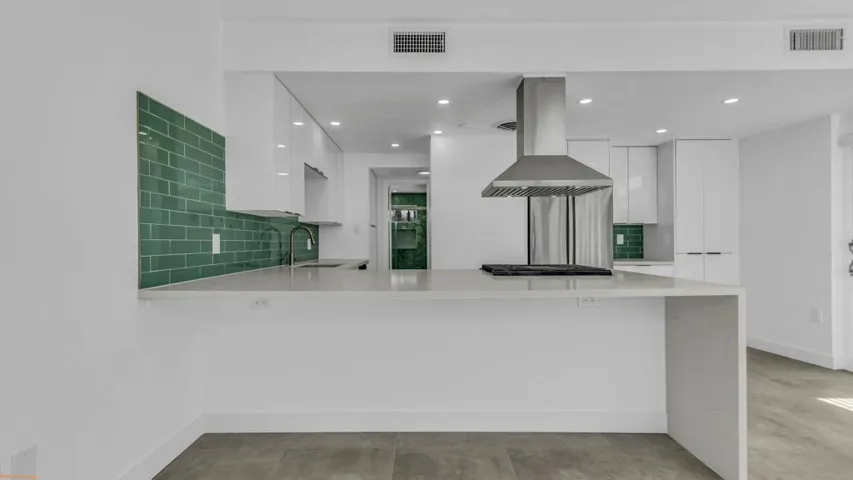 05-Were Focused 22447 E Tahquitz Canyon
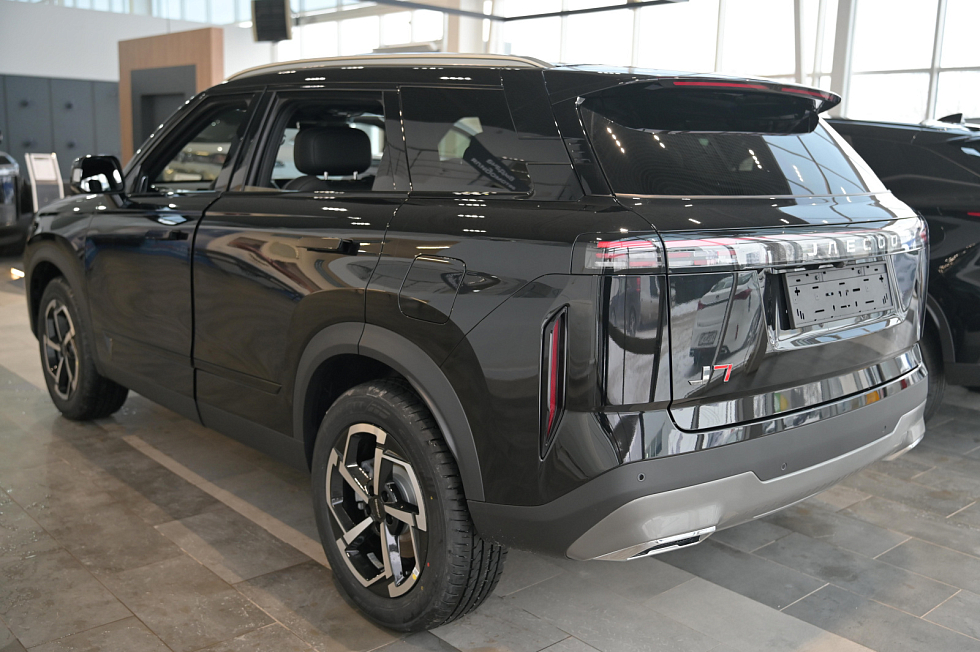 Jaecoo J7 Комфорт, черный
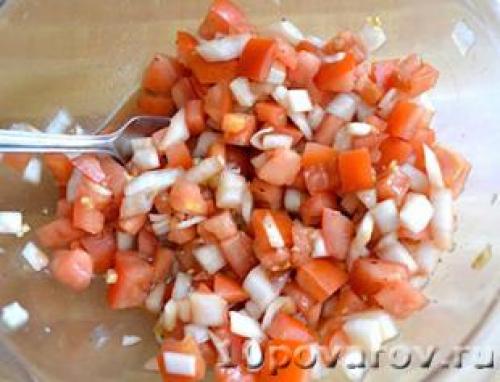 Брускетта с курицей и сыром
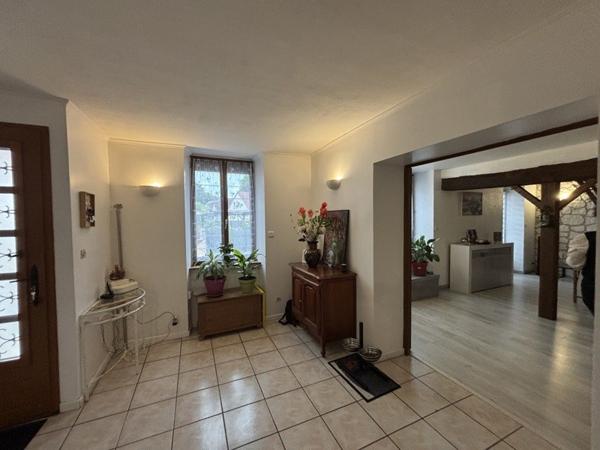 Maison à vendre 116 202 € Chârost 4 p 125 m² DPE C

Your objective:
Print the material again, unchanged, without its pictures.

Exercise answer:
 05-Were Focused 22447 E Tahquitz Canyon
 Jaecoo J7 Комфорт, черный
 Брускетта с курицей и сыром
 Maison à vendre 116 202 € Chârost 4 p 125 m² DPE C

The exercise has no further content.